Review: 'The Heartland: An American History,' by Kristin Hoganson

NONFICTION: A scholar debunks claims the Midwest is insulated and isolated in its people and policies.

By GLENN C. ALTSCHULER

For the Minnesota Star Tribune
May 17, 2019 at 3:53PM
Kristin Hoganson
Photo by Fred Zwicky
Kristin Hoganson Photo by Fred Zwicky (Laurie Hertzel — UI News Bureau: Fred Zwicky/The Minnesota Star Tribune)

The Midwest, according to conventional wisdom, is the quintessential American region. Insulated and isolated, stable and inward-looking, it exemplifies our nation's essence — and exceptionalism — through its people, principles and practices. The Midwest is the America of America First.

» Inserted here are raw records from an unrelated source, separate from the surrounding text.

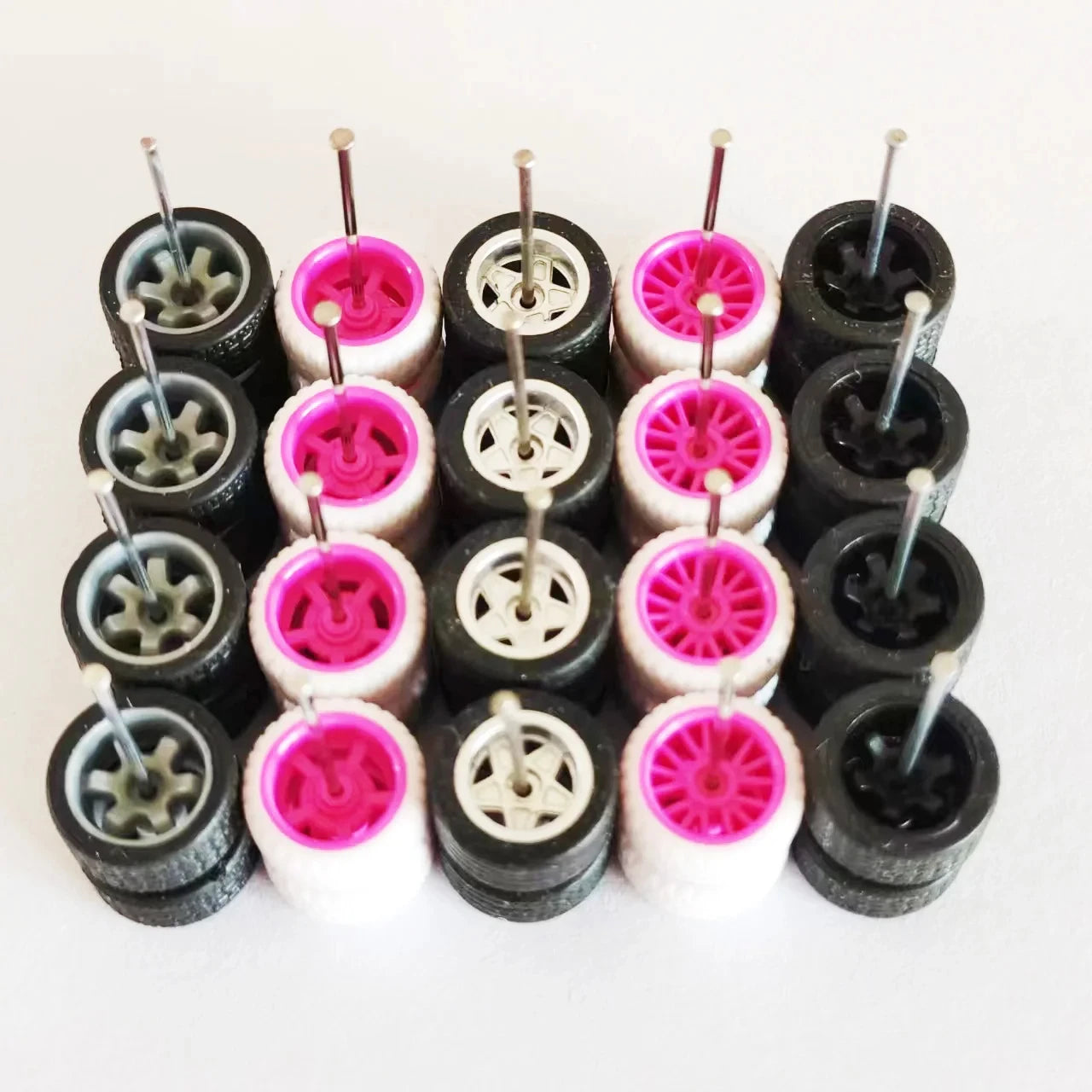 20pcs (10 Sets) 1/64 Alloy Wheels with Off-Road Tires – Modified for Matchbox, Domeka, Tomy Car Models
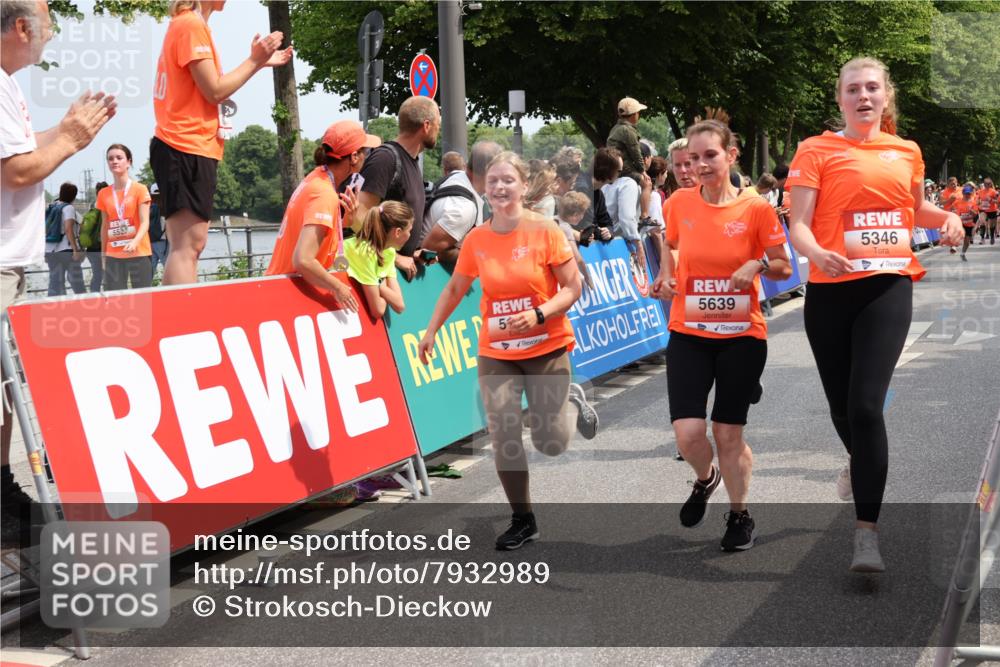 15.06.2025 - REWE Women's Run Strokosch-Dieckow http://msf.ph/oto/7932989 15.06.2025 11:05:18 Ziel 5116, 5183, 5202, 5224, 5321, 5346, 5347, 5639 meine-sportfotos.de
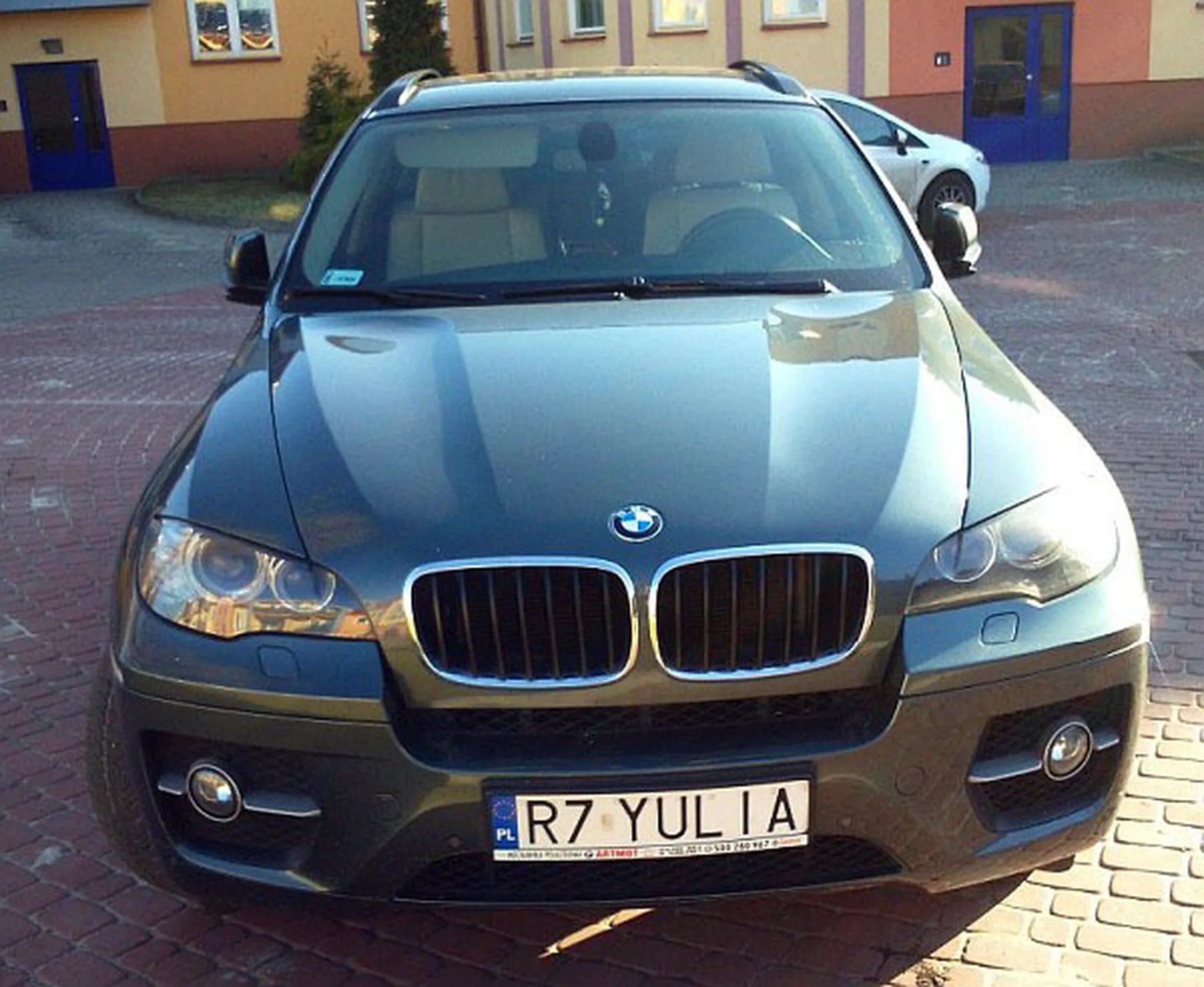 Fajny numer, blacha R7 YULIA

In "The Heartland," Kristin Hoganson, a professor of history at the University of Illinois, Urbana-Champaign, and the author, among other books, of "American Empire at the Turn of the Twentieth Century," debunks these claims.

Using Champaign County as her paradigmatic example, Hoganson demonstrates that for hundreds of years, the heartland's rural and small-town communities have been "thoroughly riddled with histories of foreign relations."

She also maintains, more provocatively, that when the Midwest is examined as a "real, bloody, beating thing," instead of a nostalgic Victorian silhouette, the region helps us understand settler colonialism, the wellsprings of empire, contests between "insiders and people on the margins," and struggles for justice and freedom.

Hoganson has searched far and wide for evidence of Champaign's global connections and imperial entanglements. Illinois farmers, she indicates, looked to Canada for cattle to breed and to Mexico for animals to fatten. They invested in Berkshire hogs, ignoring their semi-feral and Asian ancestry, to associate themselves with Anglo-Saxon racial purity; refusing to accept blackness as an adequate standard for the pigs, a prize essay praised animals with "white feet, faces, tips of the tail, and an occasional splash of white on the arm." Meteorologists connected hurricanes, cyclones and tornadoes to far-flung places such as Jamaica and the Philippines. Similarly, Hoganson writes, migratory birds established Illinois "as a place in the middle, a place of encounter."

"The Heartland" begins and ends with the Kickapoos. As the white pioneers displaced the Indians, Hoganson reminds us, they used histories, societies and laws to make the locality theirs. With an eye, no doubt, on President Donald Trump, she endorses the Kickapoo claim that place is always relational and true security "does not emerge from walling people in and out, but from extending human rights and justice."

"The Heartland" is awash in interesting and fresh information. Hoganson's thesis, however, is not entirely persuasive. Readers sympathetic to conventional wisdom about the Midwest may see little in the book to convince them that the region is not more insulated and isolated, stable and inward-looking than other places in the United States. Nor does Hoganson make a compelling case that her accounts of searches for products and markets, weather forecasting and birds provide bricks in the edifice of American imperialism.

That said, Hoganson is surely right that some aspects of the heartland myth are better left behind. And to challenge us to look outward and inward at the same time and respect near and distant strangers.

Glenn C. Altschuler is the Thomas and Dorothy Litwin professor of American studies at Cornell University.